So I thought I had left the messy days behind when I graduated! According to everyone I know, the university is a perfect place. Deadlines are to be kept, projects are to be fulfilled quickly, all information is to be memorized instantly and everything works without trouble. It's also said to be much, much, tougher than any previous form of education. Out of 250 applications to Japanese, 180 were accepted. I was one of the lucky ones. Especially lucky since noone believed I would get in anywhere with the grades I had from highschool. It's great to prove them wrong! My grades aren't below average though, it's just my surrounding family that have an "olskool" view on everything. People studied harder and achieved more in the old days my parents learned from. Now everything is sooo easy.
The first day was tense, as it always is. I had gone to bed early the night before, but had still not been able to sleep as much as I had hoped. I took the train to Karlberg, walked to St Eriksplan, took the subway to Odenplan and the bus to Albanon. It only took an hour, an hour less than I had expected, and therefore I was one of the three first people to arrive to the almost empty classroom. The introduction had been meant to be held in the Aula, but since another group had booked it we had to help cram 60 chairs into a smaller classroom. The principal talked for two hours, introducing the course. Our first section of this 30 point course consists of 12 lectures and 12 movies about the Japanese society and history, most of which are two hours long. Out of the 180 people in total we are divided into 3 groups, but for the first 24 lessons the full group is to be present.
Our very first movie was called Sansho Dayo. Thanks to the wrong region settings the movie did not start playing and our teachers frantically fiddled with the different settings in vein. One of the students even tried downloading VLC and MPC, but without effect. Another one tried plugging in his laptop instead, but could not get it to function properly either. They called the IT department and they arrived to fix the problem. Our next movie, the week after, was called Ninjo to Kami-fusen. This time everything was trouble-free. However, when, last week, we were supposed to watch Sen-nen no Koi, further troubles appeared. The movie was locked inside a room to which there was only one key, and this key unfortunately belonged to someone who was at the time at a funeral. Luckily though, one of the teachers had the same movie at home, and also had his father home visiting him. So he called his father and almost an hour later the movie began. All movies so far have been fairly interesting, despite their black and whiteness, and our lectures are stuffed with information. I do though, not agree with whomever said that this place is trouble free and serious. I can find just as many flaws as at my old school, and now there's no free food either! . . . so I have to eat at home, heh. It's a challenge not eating anything for six hours or more.

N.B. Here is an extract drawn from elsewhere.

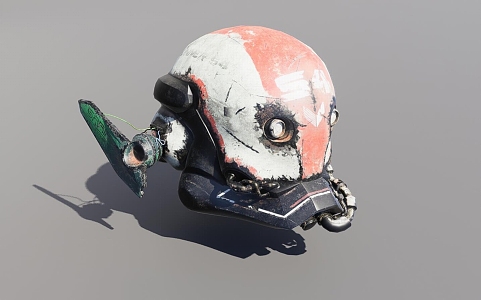 Robot helmet 3d model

Can't complain about efficiency though, there's more information in one lecture here than there is in a whole week at school. The difference about this year and the past is that now I'm studying my own chosen courses, which should mean I have more motivation to learn than I had before, which seems right. Today is a no studies day though. I've watched the Bourne Supremacy, updated the games page, the ftpdb and finally added some pictures from the now rapidly vanishing summers vacation. I've discovered a few Windows XP powertools that resize all images for me. Saves me hours. I really wish I had used this tool when putting together all previous galleries and stuff. Took a long walk with Andreas too . . .and had the opportunity to test his newly upgraded supercomputer. woo.
Time to gain some lost sleep now. Goodnight.